### RECORD EXTRACTS
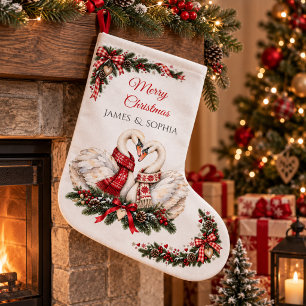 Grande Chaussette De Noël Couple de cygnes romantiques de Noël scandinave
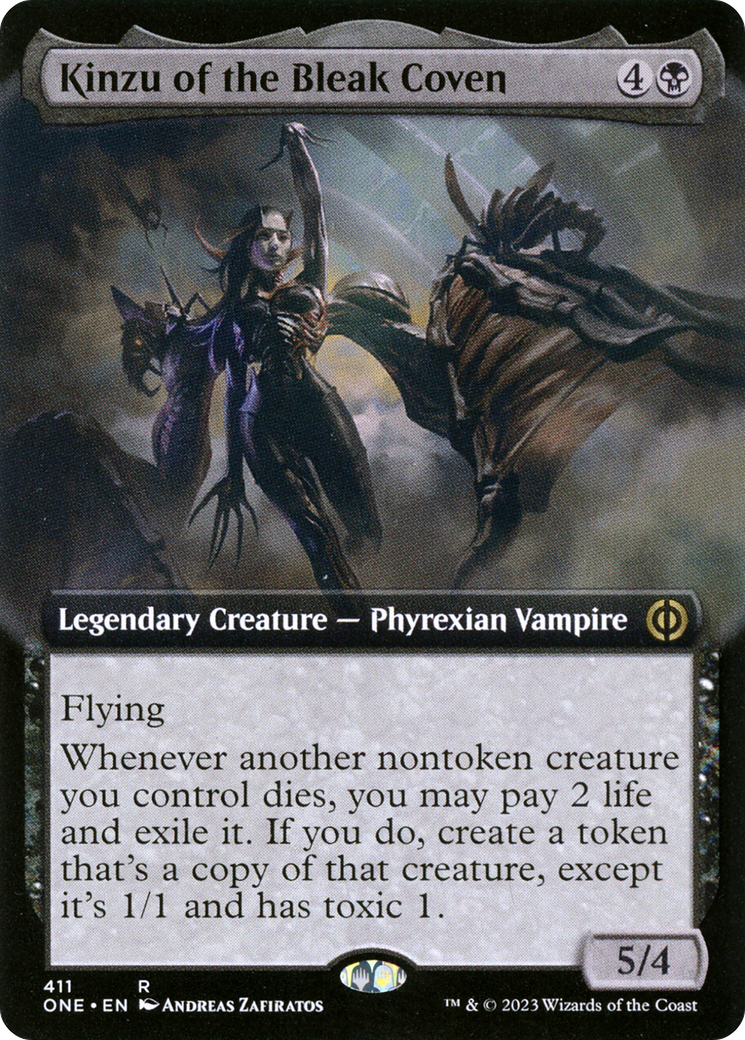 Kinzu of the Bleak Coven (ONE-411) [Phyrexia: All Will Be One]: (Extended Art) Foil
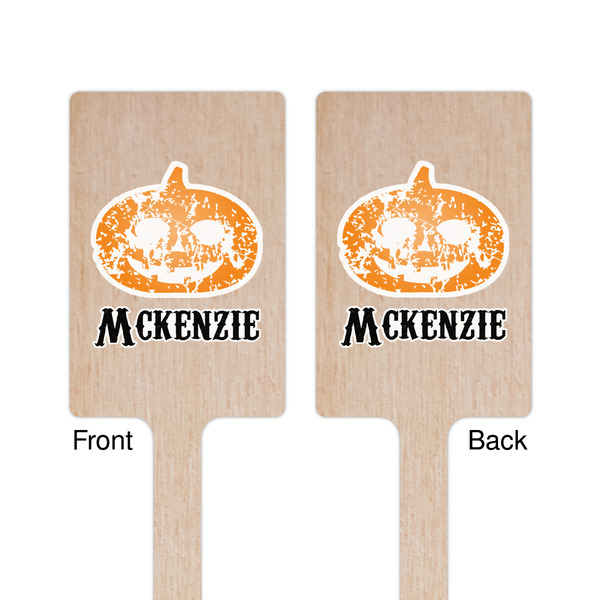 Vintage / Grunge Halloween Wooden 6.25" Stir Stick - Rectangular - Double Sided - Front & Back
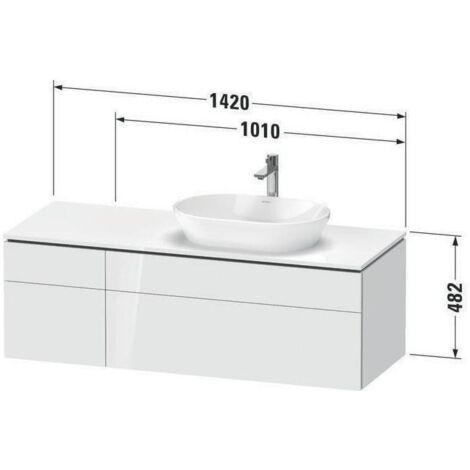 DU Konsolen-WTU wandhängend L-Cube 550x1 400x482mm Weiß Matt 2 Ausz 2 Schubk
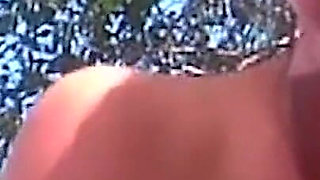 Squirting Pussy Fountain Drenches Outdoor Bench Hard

### WHAT IS NEEDED
The answer must be the full listing, word for word, with no images in it.

### PROBLEM SOLUTION
 Grande Chaussette De Noël Couple de cygnes romantiques de Noël scandinave
 Kinzu of the Bleak Coven (ONE-411) [Phyrexia: All Will Be One]: (Extended Art) Foil
 Vintage / Grunge Halloween Wooden 6.25" Stir Stick - Rectangular - Double Sided - Front & Back
 DU Konsolen-WTU wandhängend L-Cube 550x1 400x482mm Weiß Matt 2 Ausz 2 Schubk
 Squirting Pussy Fountain Drenches Outdoor Bench Hard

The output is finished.